Segment Start: Data for this task

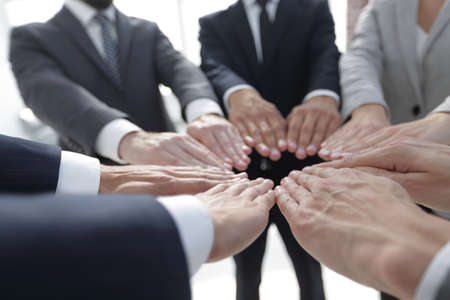 business people giving each other their handsの写真素材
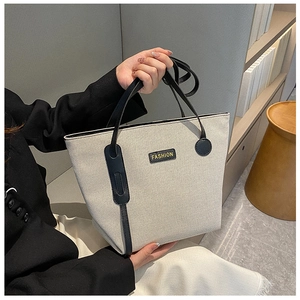 Detail of beige canvas tote bag featuring black leather handles and fashion logo patch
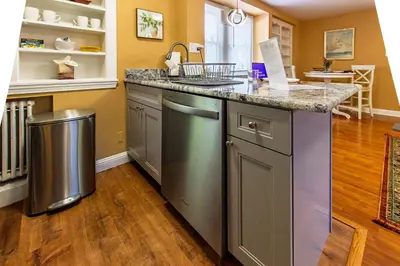 a kitchen with a sink and a counter top at Comfy 1 BR Hide Away Apt w Garage Parking in Bryn Mawr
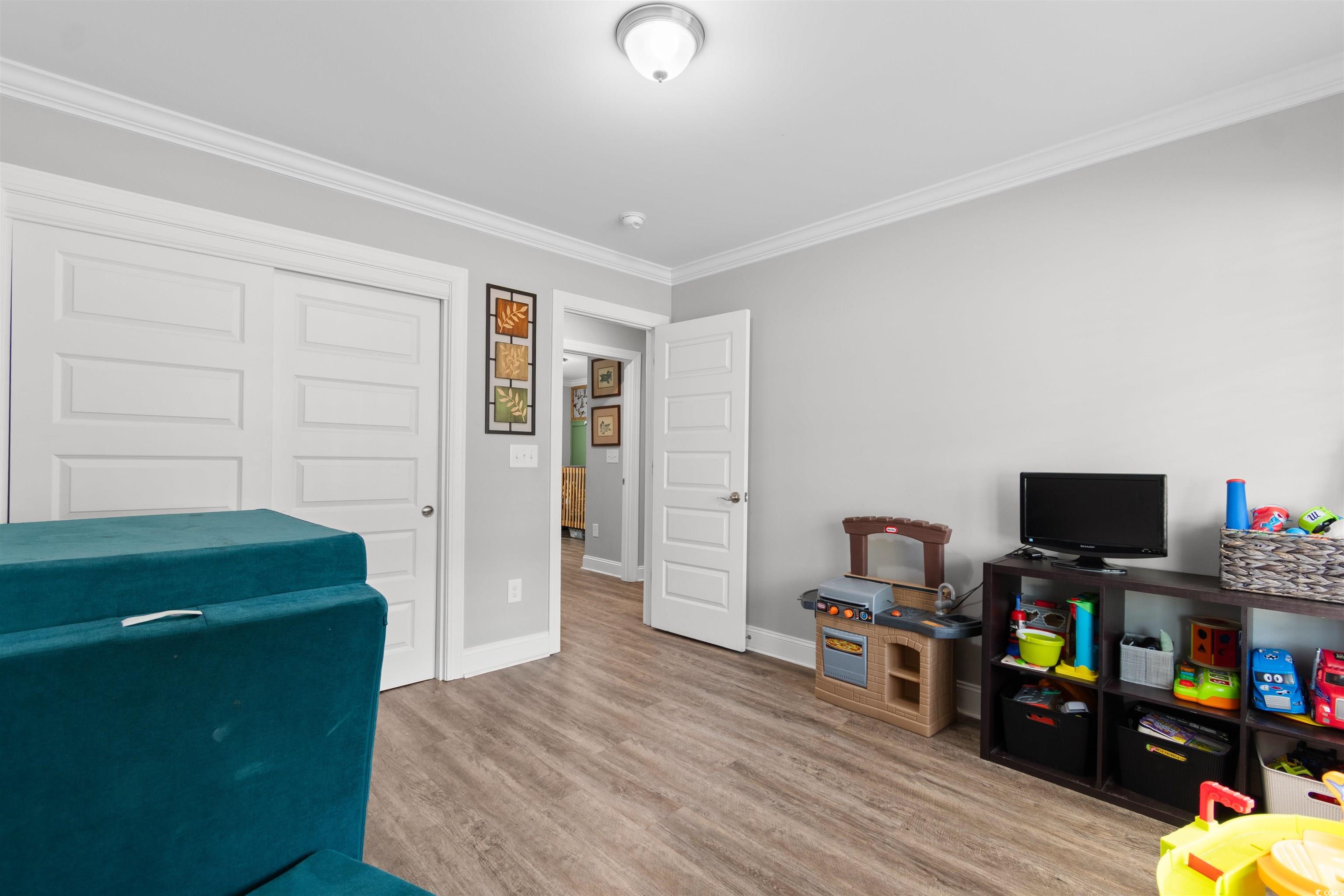 1275 Pinetucky Drive Galivants Ferry, SC 29544 - Photo 23 of 39 Playroom with crown molding and light wood-style floors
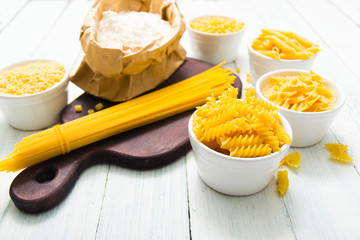 uncooked pasta variations and flour in paper bag, on white wooden table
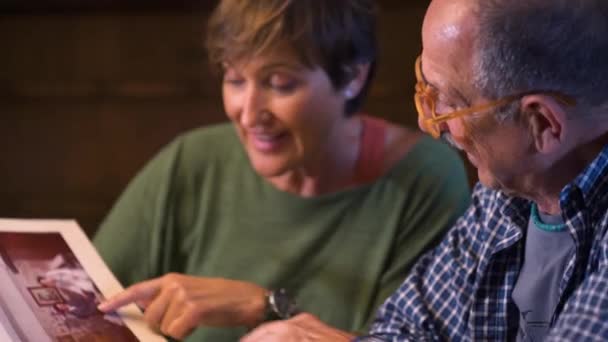 Loving Couple Grandparents Look Old Wedding Photo Album Remembering Mature — Stock Video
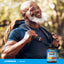 Adult wearing a backpack outdoors with Lindberg Double Strength Fish Oil supplement bottle shown in the foreground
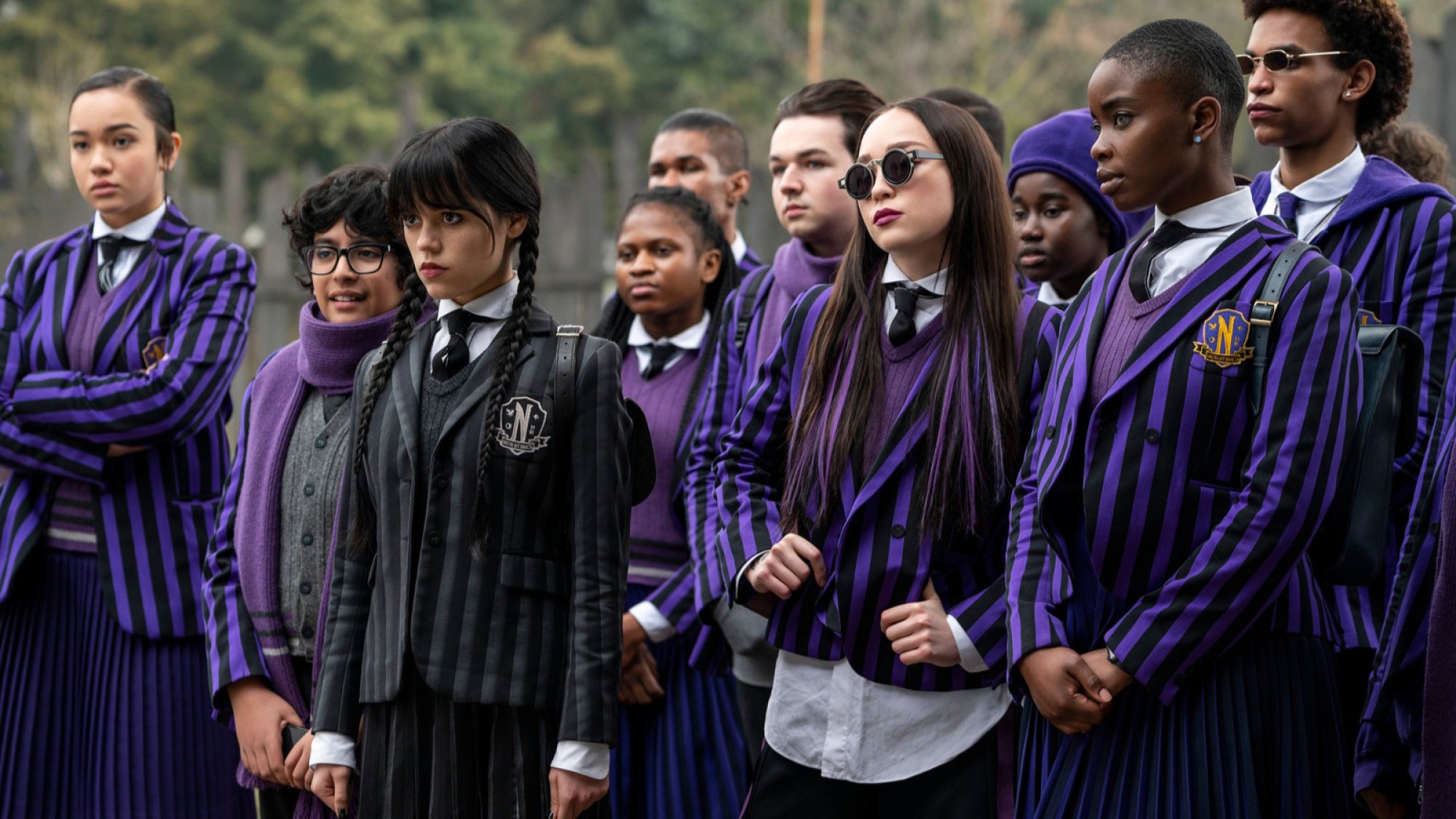 A group of students in pinstriped uniforms.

Segment End: Data for this task

**Directions:** Stop after the line containing "uncooked pasta variations": copy the records exactly from the first line up to there, leaving pictures out.

**Exercise output:**
 business people giving each other their handsの写真素材
 Detail of beige canvas tote bag featuring black leather handles and fashion logo patch
 a kitchen with a sink and a counter top at Comfy 1 BR Hide Away Apt w Garage Parking in Bryn Mawr
 1275 Pinetucky Drive Galivants Ferry, SC 29544 - Photo 23 of 39 Playroom with crown molding and light wood-style floors
 uncooked pasta variations and flour in paper bag, on white wooden table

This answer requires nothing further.